Group 2 pages focused on a direct, action-focused call to action, designed to push leads directly into the funnel. This is typically a successful r model of testing as it produces the most immediate response. However, the challenge here is that the long-term health of the funnel can suffer if iteration cycles are not maintained

Results:

Length of test: 6 days
Total visitors: 1,583
Total Conversions: 62
Overall conversion rate: 3.9%

Highest performing: Variant D
Visitors: 392
Conversions: 17
Conversion rate: 4.3%

Lowest performing:  – Variant C
Visitors:  376
Conversions: 12
Conversion rate: 3.2%

The highest performing variant performed 35.9% better than the lowest performing landing page, and at least 20% better than the other contending variants, meeting our criteria for performing both extremely well and consistently.

Ad Group Performance
The primary variation between ads was specific to their targeting criteria and thus, the analysis is placed on the ad groups and not individual creative.

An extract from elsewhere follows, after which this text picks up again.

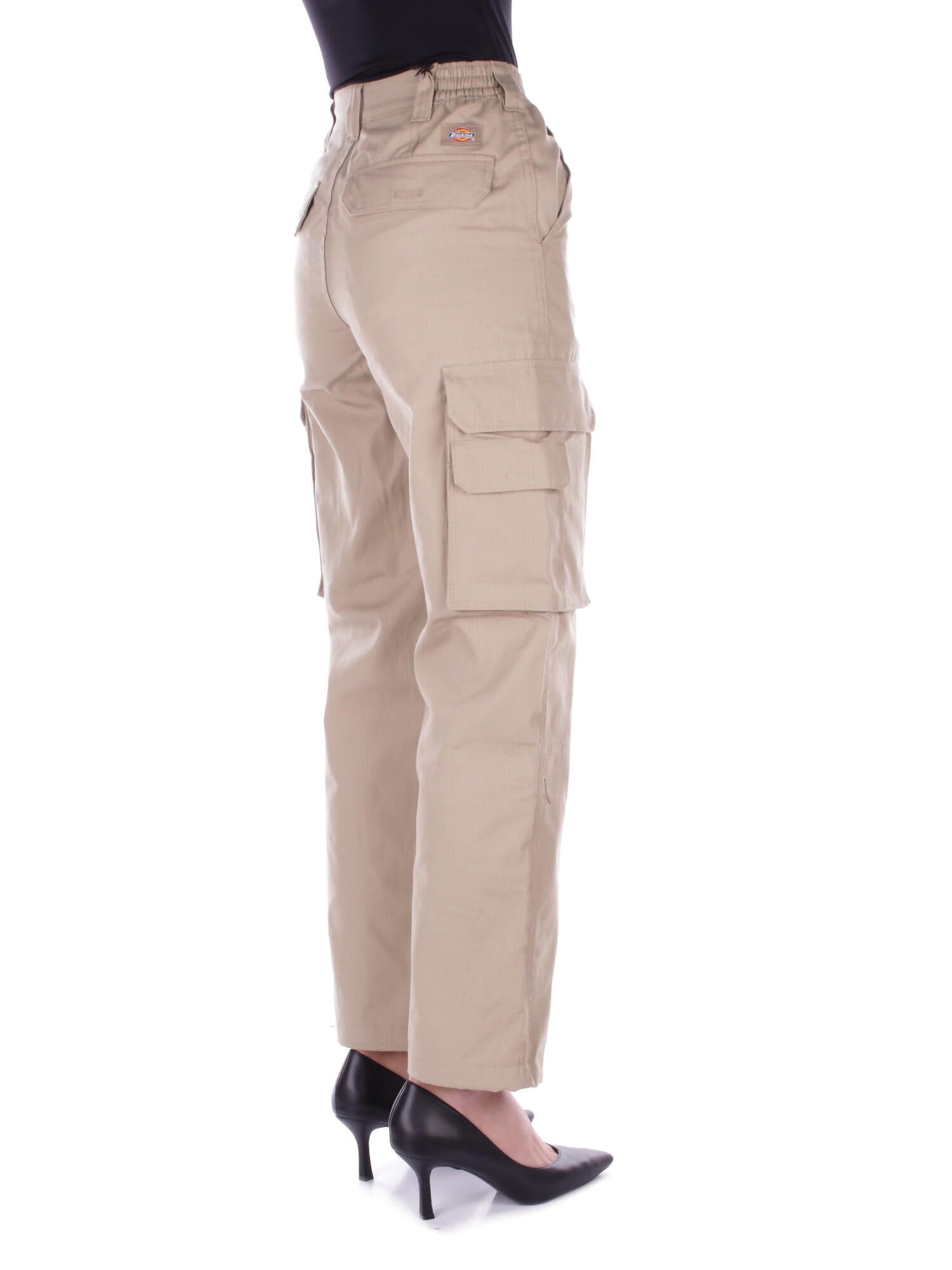 DICKIES Pantaloni Kaki da donna in Pantaloni Drestige - Casamassima, commercioVirtuoso.it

Ad group 1 – Charlotte, NC specific targeting, using broad lookalike audience targeting

Impressions: 20,073
Reach: 12,992
Leads: 9
Cost per lead: $63.95
Conversion rate: 3.36%

Ad group 1 focused on small, single-city markets with a wide range of lookalike behaviors. Given ad group 1 is targeting a known audience with similar interests. the lead cost is high, and the conversion rate too low to qualify as a successful response.

Ad group 2 – National targeting with medium intensity lookalike audience targeting

Impressions: 19,873
Reach: 16,193
Leads: 13
Cost per lead: $44.60
Conversion rate: 2.90%

Ad group 2 focused on a large market(entire US) with a somewhat narrower audience than that of ad group 1, with fewer lookalike factors.  The data shows that there isn’t much of a difference in impressions or reach as compared tosingle city targeting of ad group 1.  Though the conversion rate is lower, those who Facebook displayed the ad group to, were in a higher interest category. .

Ad group 3 – National reach with narrow lookalike targeting ( top 1%)

Impressions: 16,145
Reach: 12,713
Leads: 31
Lead cost: $18.27
Conversion rate: 5.84%

Ad group 3  performed 73.8% better than ad group 1, and 101% better than ad group 2 on the basis of conversion rate.

On the basis of cost comparison, ad group 3 saw reductions of 71.43% and 59% over ad groups 1 and 2 respectively.

Conclusion:

This performance is striking given that:

  1. All ad groups used the same ad creative
  2. All ads pointed to the same pool of randomized landing pages

Ad group 3 demonstrates the value in applying lookalike audiences to a larger pool of viewers. Given the potential for both cost reduction and increased lead generation, we will continue experimenting with the same audience selection, with the Variant D landing page as part of the cycle of iteration and improvement.